Shopify launched its latest advertising business line on Wednesday, called the Shopify Product Network.
The Product Network shows items from across participating merchants where? Shop App? even if it that item isn’t carried by the store any given person is browsing. For example, someone buying home supplies from a Shopify merchant’s site might search for “organic cleaning supplies” or some particular soap fragrance.
If that merchant doesn’t carry anything that fits the search, the customer could see some of the closest-to options from that seller, interspersed with products from other sellers in the network with items that do fit the bill.
And the Product Network placements aren’t necessarily triggered by a search; they can also natively appear in another merchant’s homepage, nearly indistinguishable from other items sold by that merchant. The purchase occurs in one cart, and the shopper might have no idea that “sold by” label means it’s from a different Shopify merchant.

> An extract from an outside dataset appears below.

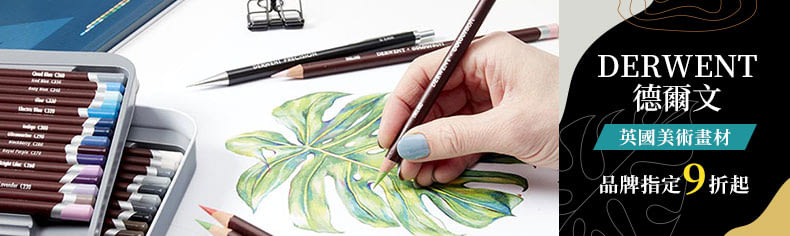 DERWENT德爾文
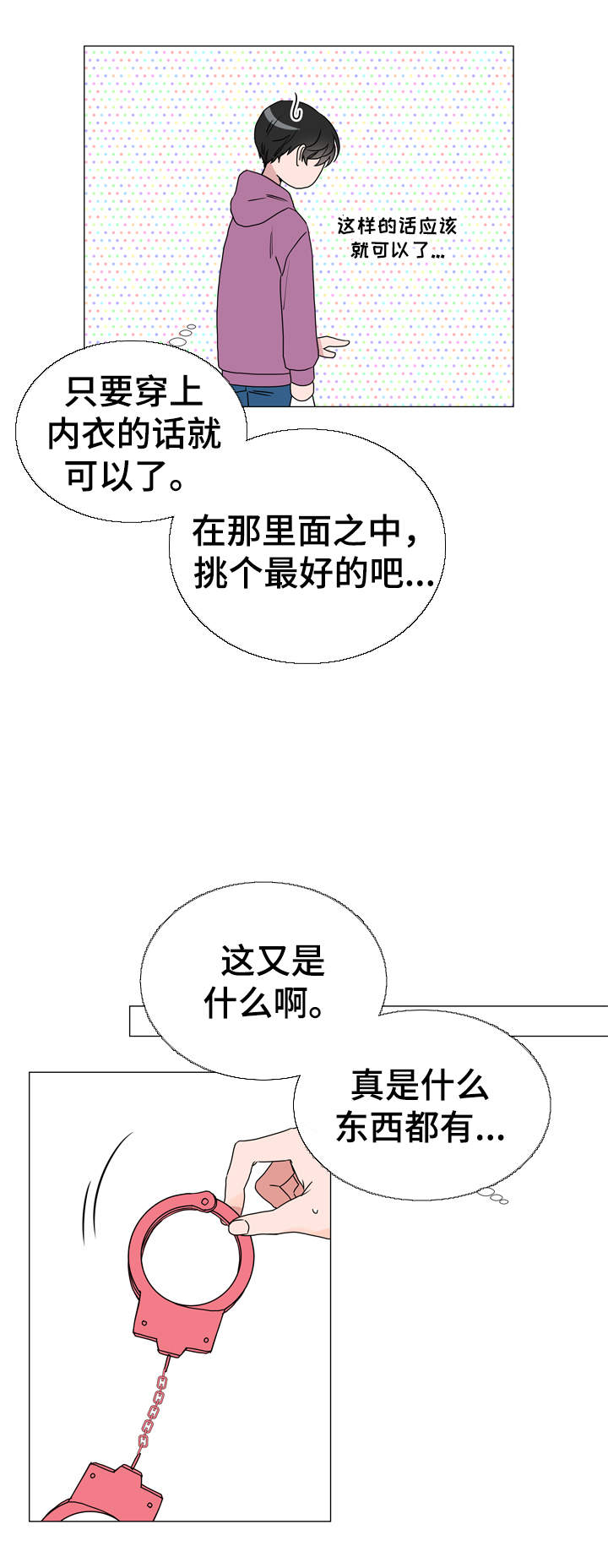 《目标人员》漫画最新章节第35章：不要进来！免费下拉式在线观看章节第【10】张图片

The Shopify Product Network is emblematic of the company’s advance into advertising. Shopify has kept ad revenue and ad tech at arm’s length, even while tactically monetizing its data and trying to increase the subscription value of its ecommerce product suite, which has come to include data-driven marketing.
Shopify is different from other retail media platforms, though, because it does function on behalf of such a large part of overall open web shopping, Amanda Engelman, the product director for Shopify’s advertising business, told AdExchanger. She was formerly Target’s director of product for developer platforms working on the Roundel business.

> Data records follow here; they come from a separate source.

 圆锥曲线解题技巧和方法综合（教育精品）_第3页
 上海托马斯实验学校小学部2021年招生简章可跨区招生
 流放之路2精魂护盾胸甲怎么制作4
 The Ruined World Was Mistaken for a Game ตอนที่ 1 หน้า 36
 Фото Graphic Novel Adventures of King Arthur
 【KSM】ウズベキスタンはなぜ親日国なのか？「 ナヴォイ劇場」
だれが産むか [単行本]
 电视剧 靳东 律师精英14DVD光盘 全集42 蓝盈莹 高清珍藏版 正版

With Shopify, she added, “it’s just a different approach to the world.”
The Shopify angle
The new Shopify Product Network is cosmetically similar to platform ad products like Google’s Performance Max, Meta Advantage+ Shopping and Amazon Performance+, in the sense that advertisers aren’t really in control of the campaign. A seller sets a target cost per acquisition, and the platform optimizes to hit that number. The advertiser gets back a quantity of budget spent and total attributed conversions.
Bing, bang, boom.
However, Shopify’s version has important differentiators.
For one thing, are these even ads?
“It’s a great question,” Engleman said. “But I probably wouldn’t say so.”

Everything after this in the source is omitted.